Łukasz Szumowski zakażony koronawirusem. Informacja o stanie zdrowia byłego ministra zelektryzowała media w Polsce. Sytuację skomentował ks. Wojciech Lemański. „Może chodził do lasu? A może, nie daj Boże, ten lekarz nie mył rąk dokładnie i wielokrotnie?” – zastanawia się duchowny.
Informację o zakażeniu byłego ministra zdrowia podał jako pierwszy portal Onet.pl. Z ustaleń wynika, że poza Łukaszem Szumowski koronawirusa wykryto u kilku członków jego rodziny.
Były minister zdrowia nie wie, gdzie mogło dojść do zakażenia. Początkowo połączono koronawirusa z niedawnym pobytem Szumowskiego w Hiszpanii. Jednak taką możliwość wykluczają badania, które były minister przeszedł zaraz po powrocie do kraju.

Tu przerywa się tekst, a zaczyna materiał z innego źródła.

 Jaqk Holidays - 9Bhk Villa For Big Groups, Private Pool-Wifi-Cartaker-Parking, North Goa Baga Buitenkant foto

– Gdy zdiagnozujemy sytuację chociażby pana ministra, to pewnie się okaże, że to zwykłe, bieżące sprawy życia codziennego i kontakt międzyludzki doprowadziły do zakażenia – powiedział wiceminister funduszy i polityki regionalnej Waldemar Buda.

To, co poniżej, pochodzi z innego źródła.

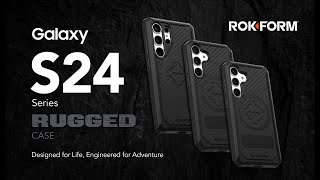 Galaxy S24 Series Rugged Case Where Performance Meets Perfection [upl. by Manning226]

Łukasz Szumowski z koronawirusem. Dosadny komentarz ks. Wojciecha Lemańskiego
Zakażenie Szumowskiego postanowił skomentować ks. Wojciech Lemański. „Zawsze jest smutno, gdy ktoś zachoruje i to bez względu na dolegliwość, która chorego dopadnie. W tym przypadku sprawa jest jednak szczególnie bulwersująca” – napisał duchowny.
Ks. Lemański przypomina, że Szumowski będąc ministrem zdrowia instruował Polaków ws. sposobów na unikanie zakażenia. „To, że był w Hiszpanii – wiemy wszyscy. Podobnie jak o jego szusowaniu na nartach we Włoszech i z prezydentem, i z instruktorem narciarskim, i ze sprzedawcą oscypków” – zaznaczył.
„Może chodził do lasu? A może, nie daj Boże, ten lekarz nie mył rąk dokładnie i wielokrotnie? A może nie nosił maseczki wiedząc, że niektóre są niewiele warte? A może w kościele komunię przyjmował do ust i to z rąk nie zdezynfekowanych przez nawiedzonego księdza?” – zastanawia się ks. Lemański.
Na koniec wpisu duchowny zamieścił życzenia powrotu do zdrowia.